__WHAT TO DO__
Copy whichever lines of the data hold the word "hotel".
(Beginning of RECORD EXCERPTS)
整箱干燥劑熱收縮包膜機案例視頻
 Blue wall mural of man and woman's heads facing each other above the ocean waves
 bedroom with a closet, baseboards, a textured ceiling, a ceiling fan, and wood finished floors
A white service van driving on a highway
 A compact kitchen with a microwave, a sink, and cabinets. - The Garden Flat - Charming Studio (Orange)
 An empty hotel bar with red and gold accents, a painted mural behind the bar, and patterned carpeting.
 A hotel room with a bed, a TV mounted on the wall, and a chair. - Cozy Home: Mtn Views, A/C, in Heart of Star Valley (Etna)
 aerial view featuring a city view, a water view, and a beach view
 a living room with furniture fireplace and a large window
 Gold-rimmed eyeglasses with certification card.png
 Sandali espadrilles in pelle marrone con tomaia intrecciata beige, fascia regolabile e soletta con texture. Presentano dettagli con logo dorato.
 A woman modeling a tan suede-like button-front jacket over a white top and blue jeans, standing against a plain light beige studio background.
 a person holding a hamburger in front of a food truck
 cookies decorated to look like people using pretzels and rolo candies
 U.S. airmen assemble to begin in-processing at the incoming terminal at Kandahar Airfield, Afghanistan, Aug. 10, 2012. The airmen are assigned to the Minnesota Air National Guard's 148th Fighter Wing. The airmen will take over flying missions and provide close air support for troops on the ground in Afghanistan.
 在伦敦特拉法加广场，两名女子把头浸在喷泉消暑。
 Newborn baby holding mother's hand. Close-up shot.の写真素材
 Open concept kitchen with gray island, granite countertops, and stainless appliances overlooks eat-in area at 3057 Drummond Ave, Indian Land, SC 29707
(End of RECORD EXCERPTS)
__SOLUTION__
 An empty hotel bar with red and gold accents, a painted mural behind the bar, and patterned carpeting.
 A hotel room with a bed, a TV mounted on the wall, and a chair. - Cozy Home: Mtn Views, A/C, in Heart of Star Valley (Etna)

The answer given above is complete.